A growing number of industry pricing experts are urging CPA firms to jettison the venerable billable hour and replace it with a fixed-pricing model, or even the more optimal model of “value pricing.” Few public accounting topics spark as much controversy as this one. Many firms have adopted value pricing in recent years, but others have been reluctant to do so. To give our members additional insight into this important topic, we sat down for a series of Q&A sessions with author and consultant Ron Baker, an unabashed value-pricing champion. These conversations give readers an in-depth look at the reasons a firm should consider switching to value pricing, and the nuts and bolts of how a switch might work. The following Q&A session, the first in the series, focuses on the reason behind making such a move.

Can you talk a little bit about the history of the billable hour and why it has endured for so long?

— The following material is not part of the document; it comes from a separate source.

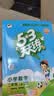 当当【2026秋新版】53天天练一二三年级四五六年级上册下册2026春语文数学英语人教北师版外研教材同步随堂练习册曲一线5.3同步训练人教版五三天天练5+3 二年级上册-2026秋 数学 北师版 实拍图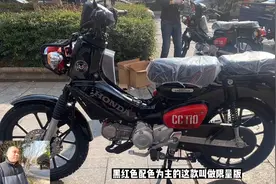 摩托车价格快到冰点，本田幼兽CC110价格崩盘，直接破万元图片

Baker: CPAs didn’t adopt it widely until the ’50s or ’60s. Prior to then, CPA firms charged by the day. Lawyers began the practice of hourly billing and maintaining time sheets around 1920.

Hourly billing is a form of cost-plus pricing. It allows a fair profit margin. It can be justified by cost. And it is profitable. My argument against it is that it’s suboptimal in terms of profitability. It’s good enough, and that’s a pretty hard inertia and apathy to overcome.

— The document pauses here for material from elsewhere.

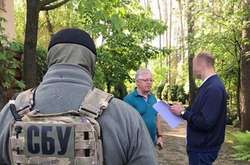 СБУ провела обшуки у Симоненка: вилучено пістолет і агітматеріали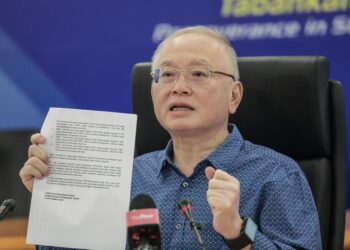 WEE KA SIONG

Given what you’ve just said about the billable hour, why should a public accounting firm consider making a change to value pricing?

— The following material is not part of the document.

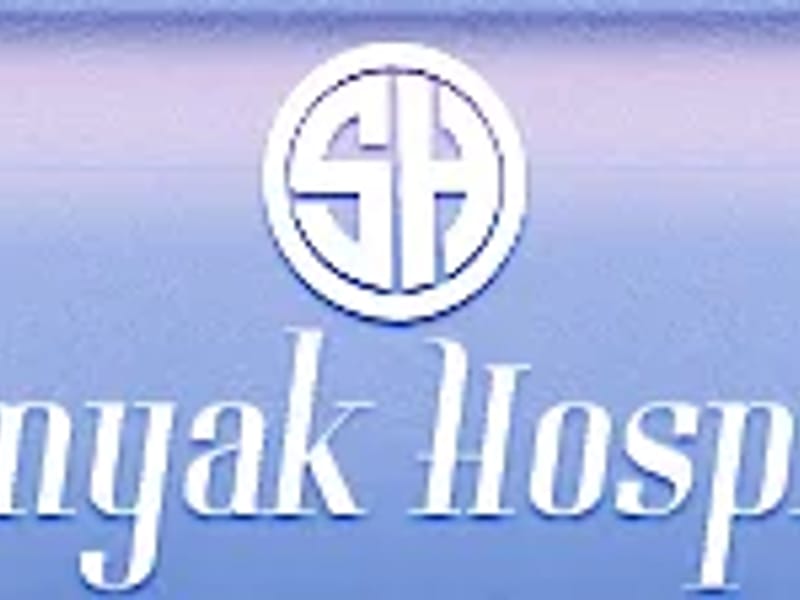Samyak Hospital - अस्पताल in Delhi, Delhi photo 1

Baker: A big problem with hourly billing is it’s an internally focused metric. It looks at our costs and our inputs. It doesn’t look at our outputs and outcomes. There’s nothing in the hourly billing formula that looks at client value.

The other problem with it is it limits an accounting firm’s income. As more and more firms are moving to the cloud, a lot of labor that CPAs used to do is now being automated. If you’ve got a business model that says, “I sell time,” and the time it takes you to do more work is being driven down because of all these technological changes, unless your hourly rates are increasing faster than productivity, your income is going to suffer, and your profitability is going to suffer. And our hourly rates have not been increasing faster than our productivity. So it’s a very limiting business model.

What kinds of problems does the billable hour create on the revenue side?

Baker: If you just look at the hard algebra of this equation, once a firm gets past its break-even point, then a large portion of any additional dollar that goes on the top line drops to the bottom. I was taught, back when I started my accounting career, that a professional firm is top-line driven because our costs are so fixed. The problem with that thinking is it makes it look like any dollar of revenue is good, and, of course, since dollars come from clients, it makes it sound like any client is a good client. That’s not true.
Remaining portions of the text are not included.